TRY IT> Could you print, exactly and without pictures, only the lines from the one with "Patient receiving intravenous" through the end of the records below?

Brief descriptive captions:
┄┄┄┄┄┄┄┄┄┄┄┄┄┄┄┄┄┄┄┄
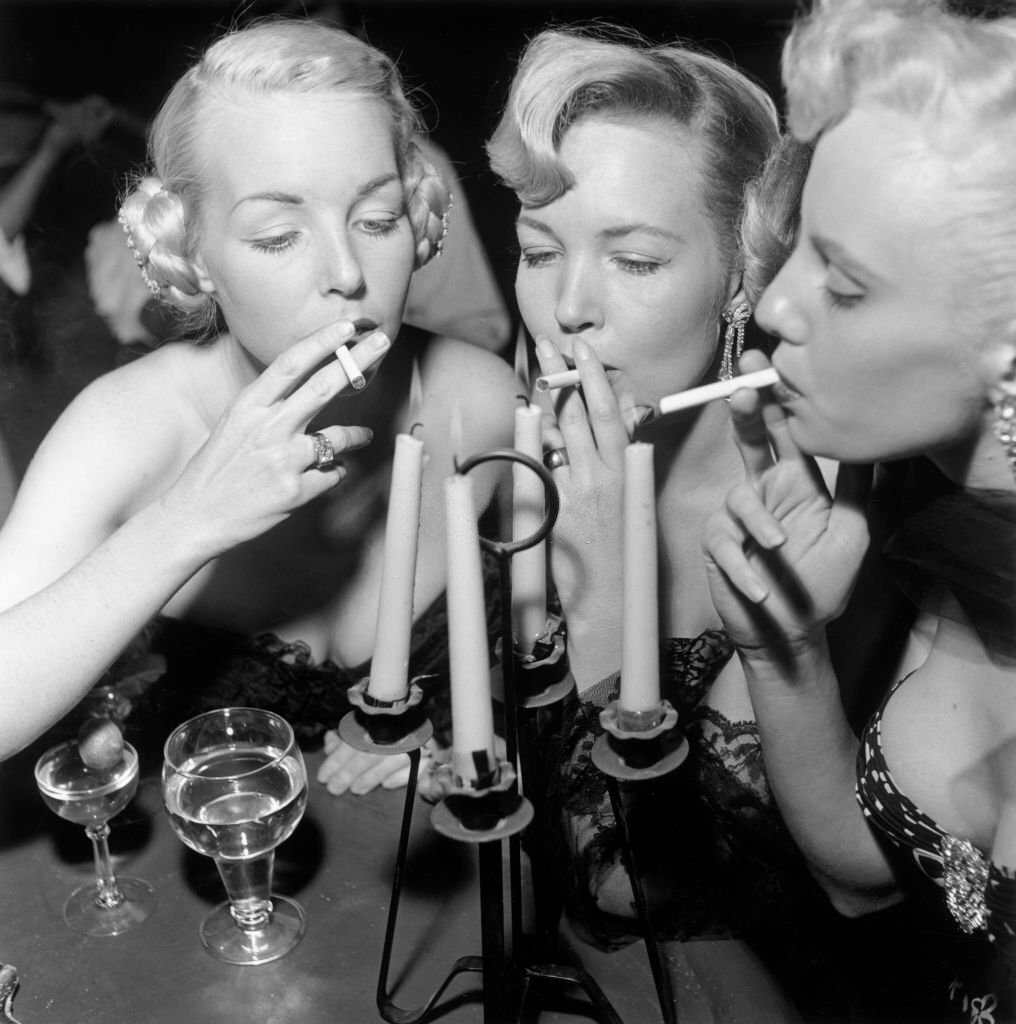 Three aspiring actors Shirley Buchanan, Mara Lynn, and Donna Williams light their cigarettes from a candelabra at a bar, Loreto, Mexico, 1950s.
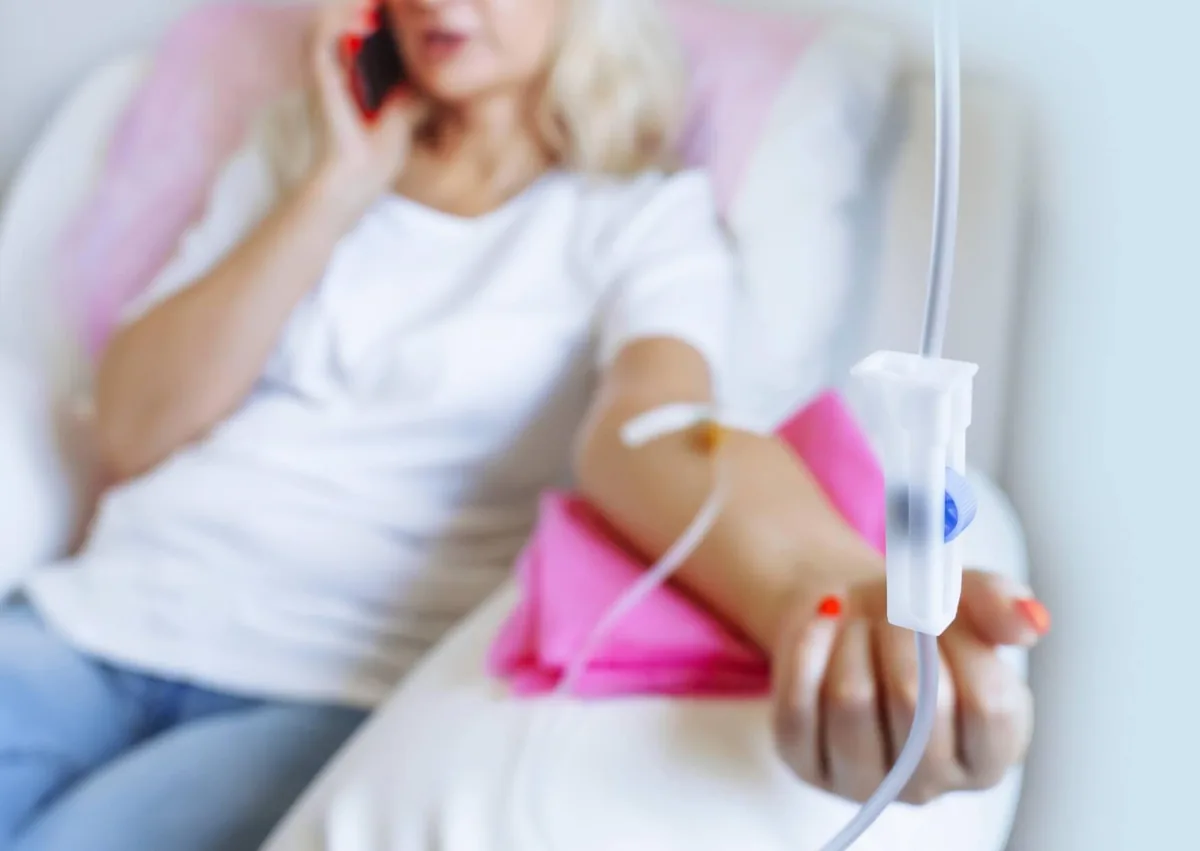Patient receiving intravenous medication through an IV line while reclining in a medical chair, illustrating IV dental sedation.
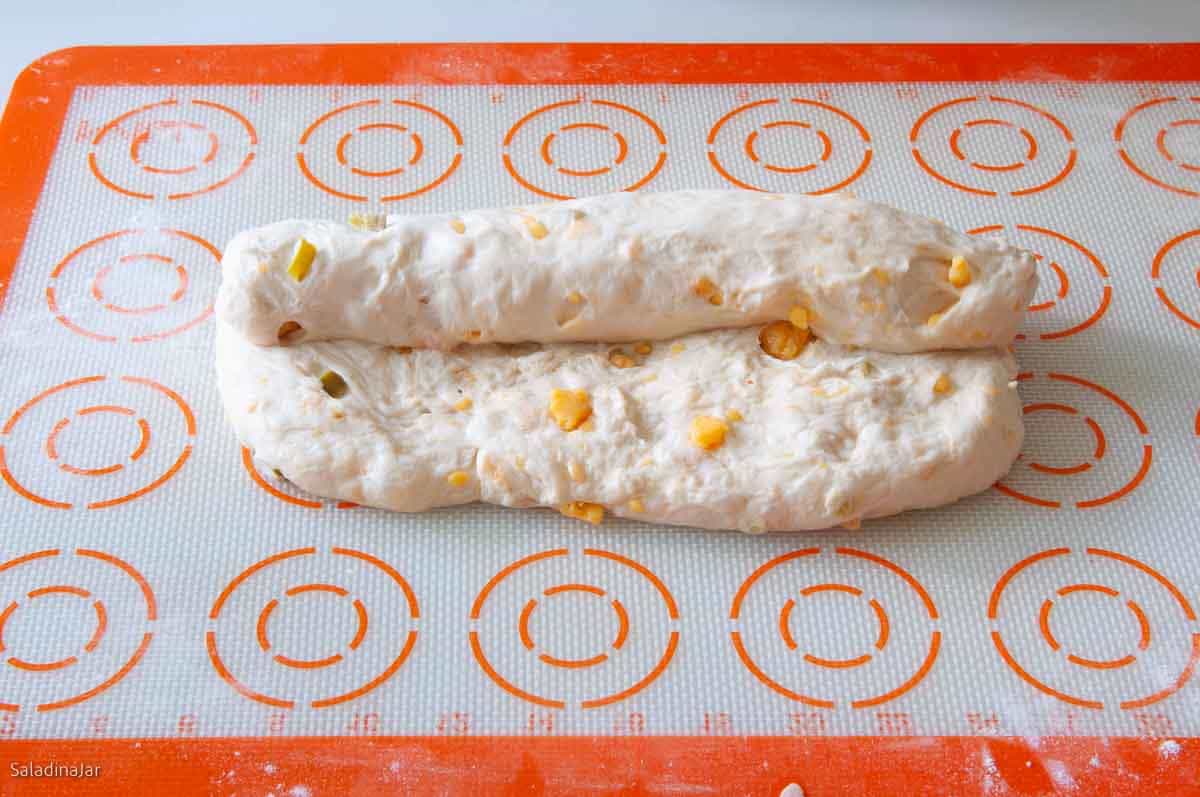 Use your hands to roll up the dough without stretching or leaving room for large air bubbles.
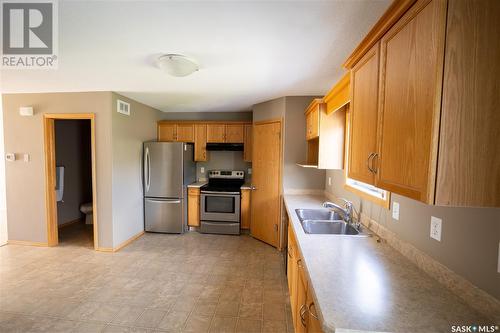 300 Mount Royal Place, Regina, SK - Indoor Photo Showing Kitchen With Double Sink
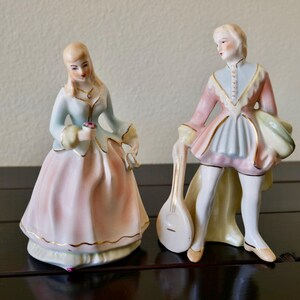 May include: Two porcelain figurines of a man and woman in period clothing. The woman wears a light blue and pink dress with gold trim, holding a small flower. The man has a pink and blue outfit and holds a lute. The figurines are on a dark surface.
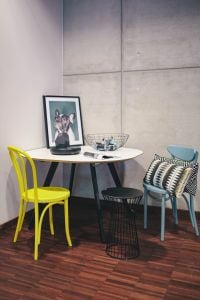 Collection of chairs and tables arranged at a design exhibition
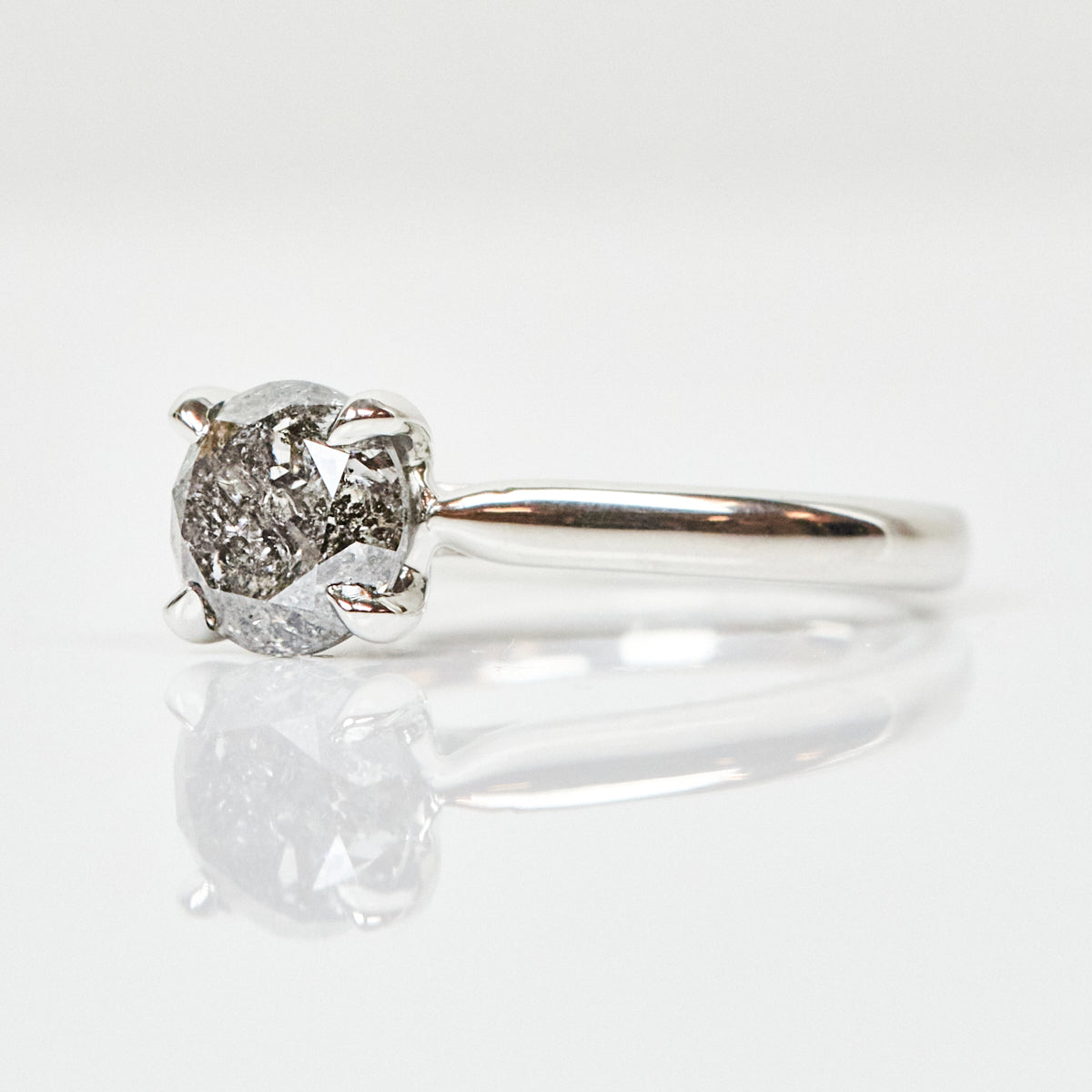 Platinum salt and pepper round brilliant cut diamond engagement solitaire ring
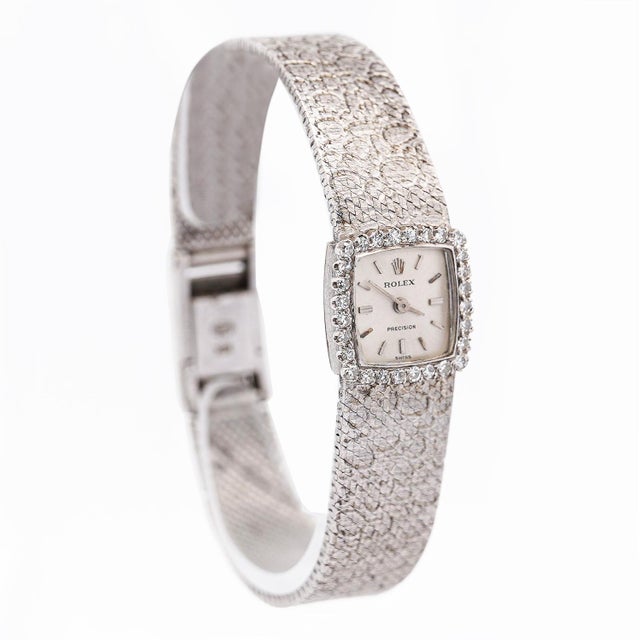 18K white gold Rolex Precision Swiss made watch features an elegant, square dial encircled by a diamond bezel, enhancing...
┄┄┄┄┄┄┄┄┄┄┄┄┄┄┄┄┄┄┄┄
ANSWER FOR THE TASK>
Patient receiving intravenous medication through an IV line while reclining in a medical chair, illustrating IV dental sedation.
 Use your hands to roll up the dough without stretching or leaving room for large air bubbles.
 300 Mount Royal Place, Regina, SK - Indoor Photo Showing Kitchen With Double Sink
 May include: Two porcelain figurines of a man and woman in period clothing. The woman wears a light blue and pink dress with gold trim, holding a small flower. The man has a pink and blue outfit and holds a lute. The figurines are on a dark surface.
 Collection of chairs and tables arranged at a design exhibition
 Platinum salt and pepper round brilliant cut diamond engagement solitaire ring
 18K white gold Rolex Precision Swiss made watch features an elegant, square dial encircled by a diamond bezel, enhancing...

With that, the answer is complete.